使用差和調變之真實均方根轉換器

Abstract

對於一個交流或者受到干擾的直流輸入信號，真實均方根轉換器提供一個等效於其均方根值之等效直流輸出電壓值。而且，差和調變器﹝DS Modulator﹞在混合式積體電路廣泛的使用，已經證明了此調變器可以突破超大型積體電路中天生所存在的類比元件性能的限制。因此，使用差和調變技術的真實均方根轉換器可以被預期的優點，有不僅是和CMOS積體電路整合的彈性，而且也可以相當程度地忍受元件的不完美特性。
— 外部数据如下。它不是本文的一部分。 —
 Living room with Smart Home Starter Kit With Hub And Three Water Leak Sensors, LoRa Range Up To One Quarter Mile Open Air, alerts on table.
在這篇論文裡，我們描述了一個基於超取樣技術的架構，來在CMOS製程中實現一個低成本的真實均方根轉換器。 為了建構一個差和式真實均方根轉換器，我們以把參考電壓端視為可變的輸入來擴展差和式調變器的使用，並提出了一個新的模型來描述一個差和式調變器在參考電壓變動時的行為。因為這個新模型可以被應用不僅於差和式真實均方根轉換器而且於參考端受到雜訊信號干擾之傳統之差和式調變器，所以這個新模型可以被發現是比傳統的線性模型還基本。所提出轉換器架構的信號對量化雜訊比和轉移特性一樣都可以基於這個模型而推導出來獲得初步的設計參數。 所提架構的測試晶片已經成功地被實現於0.8mm之有電容雙金屬(DPDM) 之CMOS製程中，並佔面積約為1 mm^2。在這晶片中，使用了非直接電荷轉換技術(IDCT) 來使得轉換器之增益只和晶片上的電容比例有關，降低了增益飄遺憾提供了好的精確度。量測結果顯示，這個轉換器的信號雜訊比達到88dB，而且對於波峰因子﹝Crest Factor﹞到達3的任意波形量測，其相對精確度為±0.2%。在沒有調整和校正的情況下，祝轉換器的絕對增益誤差小於±0.4%。這個轉換器非常適合被整合於做功率量測、雜訊量測和感測器輸出信號量測等量測系統CMOS晶片中。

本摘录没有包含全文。